|Chorus vs. Centaur||bsdc|
Dec 12, 2002 5:28 AM
|Is there any real diference between Chorus and Centaur other than a few grams and level of polish? I've got a few grams I could lose and I'm not too polished myself, but I don't want to have anything that doesn't have quick crisp shifting.|
|re: Chorus vs. Centaur||GileyD|
Dec 12, 2002 5:32 AM
|I have Centaur 10 and can't knock it for the money.
Centaur if you want value for money.
Chorus if you are putting it on a high end frame that deserves it, or if you follow the logic that says if you spend more at the outset you will spend less in future on upgrades.
Want -v- Need. Want usually wins with me!!!!!
|there are differences...||C-40|
Dec 12, 2002 5:36 AM
|The Chorus ergo levers have ball bearings where the Centaur levers have bushings.
The Centaur crank uses a cheap bottom bracket with a 111mm spindle length that is not compatible with the higher quality Chorus or Record 102mm spindle bottom brackets.
Chorus will function identically to Record. It's just a little heavier. Chorus is the best value in the Campy line.
Dec 12, 2002 7:18 AM
|I put Centaur 10 speed on my bike except I used the Chorus crank and BB.
A great value group and a savings of $300-$400 over Chorus.
|not that much cheaper...||C-40|
Dec 12, 2002 9:45 AM
|The difference in price between Centaur and Chorus runs between $185-$270. If you substitute a Chorus crank and bottom bracket, the difference should drop by another $60-$80.|
|re: Chorus vs.
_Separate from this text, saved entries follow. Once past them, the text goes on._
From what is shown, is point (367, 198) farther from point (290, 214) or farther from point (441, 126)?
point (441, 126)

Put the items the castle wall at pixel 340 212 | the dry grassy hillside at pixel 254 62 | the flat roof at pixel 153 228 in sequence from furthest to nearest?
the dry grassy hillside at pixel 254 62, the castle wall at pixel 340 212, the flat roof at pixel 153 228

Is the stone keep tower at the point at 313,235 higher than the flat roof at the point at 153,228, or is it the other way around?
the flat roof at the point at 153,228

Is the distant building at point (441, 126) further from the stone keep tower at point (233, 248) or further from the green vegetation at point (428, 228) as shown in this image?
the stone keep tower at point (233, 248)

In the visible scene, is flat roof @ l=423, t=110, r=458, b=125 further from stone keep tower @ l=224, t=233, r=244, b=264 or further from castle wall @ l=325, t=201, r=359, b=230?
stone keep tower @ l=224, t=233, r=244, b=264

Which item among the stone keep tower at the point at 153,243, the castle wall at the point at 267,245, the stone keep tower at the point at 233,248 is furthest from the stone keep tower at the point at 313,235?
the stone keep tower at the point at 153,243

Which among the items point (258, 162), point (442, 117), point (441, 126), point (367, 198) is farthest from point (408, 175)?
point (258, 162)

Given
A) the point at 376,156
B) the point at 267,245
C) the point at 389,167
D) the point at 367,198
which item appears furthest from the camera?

Centaur||Leroy|
Dec 12, 2002 6:05 AM
|For the $ you cannot go wrong with centaur. Chorus will feel 'smoother' when you shift; centaur will give you a crisper click feel when you shift - at least mine feel like that. There's not a thing wrong with the ac-h bottom bracket used for centaur. That it's cheap is a plus in my book. I'm not talented enough to be able to tell the difference: my chorus bike has a phil wood bb and my centaur, has an ac-h. Even the hubs are comparable.|
Dec 12, 2002 6:05 AM
|I think this year there is still a differnce in the brakes - someone shouted on this a few weeks back. Single v double pivot was it?|
Dec 12, 2002 6:11 AM
|That's right. The chorus rear brake is a single pivot like record. The thinking is the weight savings is ok because the front does more of the work. They look good but I really like double pivots on both wheels. It feels better to me. Although I probably need to sand down my brake pads on the chorus brakes. Centaur front and rear brakes are the same design.|
Dec 12, 2002 10:10 AM
|I believe the thinking about single pivot in back (Record & Chorus) is that the increased stopping power of double pivot provides almost no discernible increase in stopping power.
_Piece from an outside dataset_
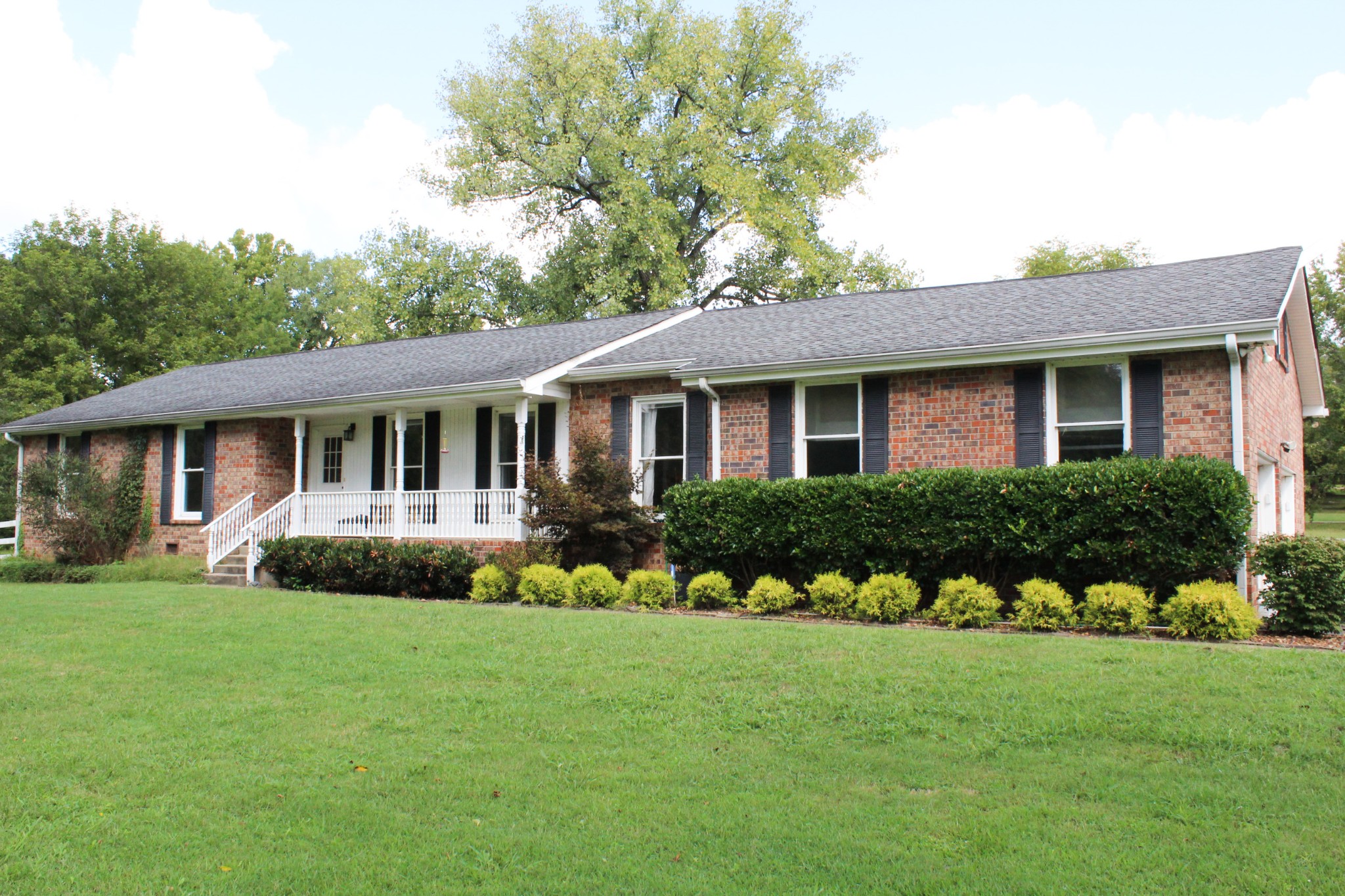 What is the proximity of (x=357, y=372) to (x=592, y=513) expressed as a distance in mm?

Essentially, beyond a certain point, rear brakes do not provide increased stopping efficiency no matter how hard you squeeze the pads against the rims. All the extra power in a rear double pivot brake does is take brake rubber off the pad.
With a Centaur bike & a Chorus bike, I notice no difference in the rear braking.
|re: Chorus vs. Centaur||Franchise|
Dec 12, 2002 6:31 AM
|Pretty much the same as everyone. Centaur/Daytona is fine, and a lot of bang for the buck. Chorus, on my CT-1, is lighter, and is a litte more techinically interesting. Daytona shifters are great once the are broken in, and you really can't tell that much of a difference.|
|re: Chorus vs. Centaur||lonefrontranger|
Dec 12, 2002 7:21 AM
|probably the biggest difference that you'll feel is in the crankset / BB. Some folks claim that the longer spindle coupled with the lower level Centaur crank just feels noodly. Therefore, if you're big and strong or just picky, you may want to do Centaur everything else with a Chorus crank / bb.
Some people have found that the Centaur level shifters wear or get play/slop in them quicker since they don't have the "BB" system, but the ones on my cross bike are doing just fine under a lot of abuse. FWIW the Centaur on my cross bike and the Record on my roadie are about the same age and both still work equally well - blindfolded I couldn't tell the difference, but then I have a TA crankset on the 'crossie, which is a pretty stiff (and spendy) part.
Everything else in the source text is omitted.